135-137 Eastney Rd
Southsea PO4 8DZ
Does anybody have a problem with this post?
I hope not.
Listening to the news today about the Comprehensive Spending Review,* I thought we could all do with a visit to Mr Cheap.
Mr Cheap uses possibly the most straightforward strapline I have ever seen.
It makes an interesting case study when set alongside the strapline of another major high street retailer – John Lewis – who famously uses the line: "Never knowingly undersold."
This has been heralded as one of the most successful straplines in the retail business, but it works by a cunning sleight of hand. "Never undersold" would be straightforward enough, but the "knowingly" adds an almost philosophical, Schrödinger's Cat-style dimension to the claim.
If one does not know one has been undersold, can one be said to have been undersold at all? If a tree falls in a forest with no one around to hear it, does it make a sound? Who exactly is doing the knowing in the case of John Lewis? In a complex corporation, where can knowledge be said to reside? Can one ever truly know anything? What is knowledge? What is truth?

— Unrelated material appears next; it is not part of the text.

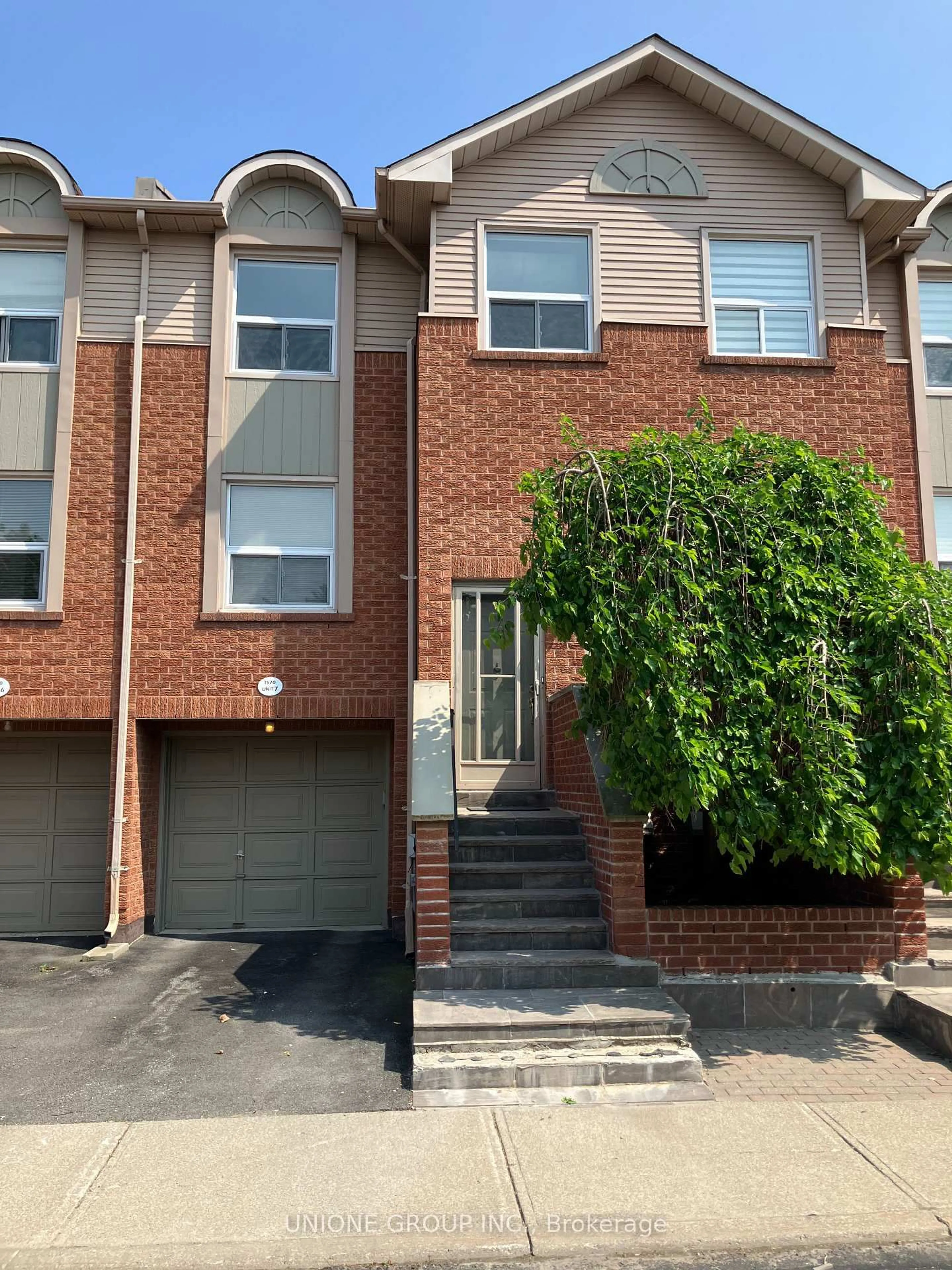 Unknown for 1570 Reeves Gate #7, Oakville Ontario L6M 3J3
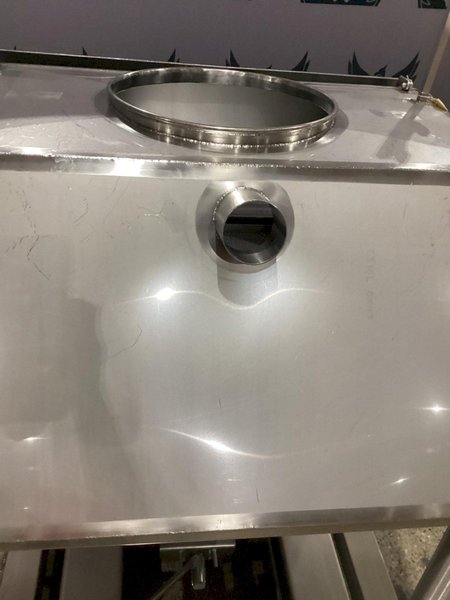 G2MH STAINLESS STEEL IBC BIN 304 CONE HOPPER SANITARY USED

"Mr Cheap is the cheapest" leaves no such wriggle room. It is not a sophisticated claim or a particularly heartening one to see on our high streets, but it is indisputably clear.
I suspect we will see a lot more of it as Mr Cheap expands his empire over the coming year.
* From what I can make out, this term refers to a raft of ideologically driven public sector spending cuts brought in to address an economic crisis whose roots were in the global banking system – however, I may have misunderstood.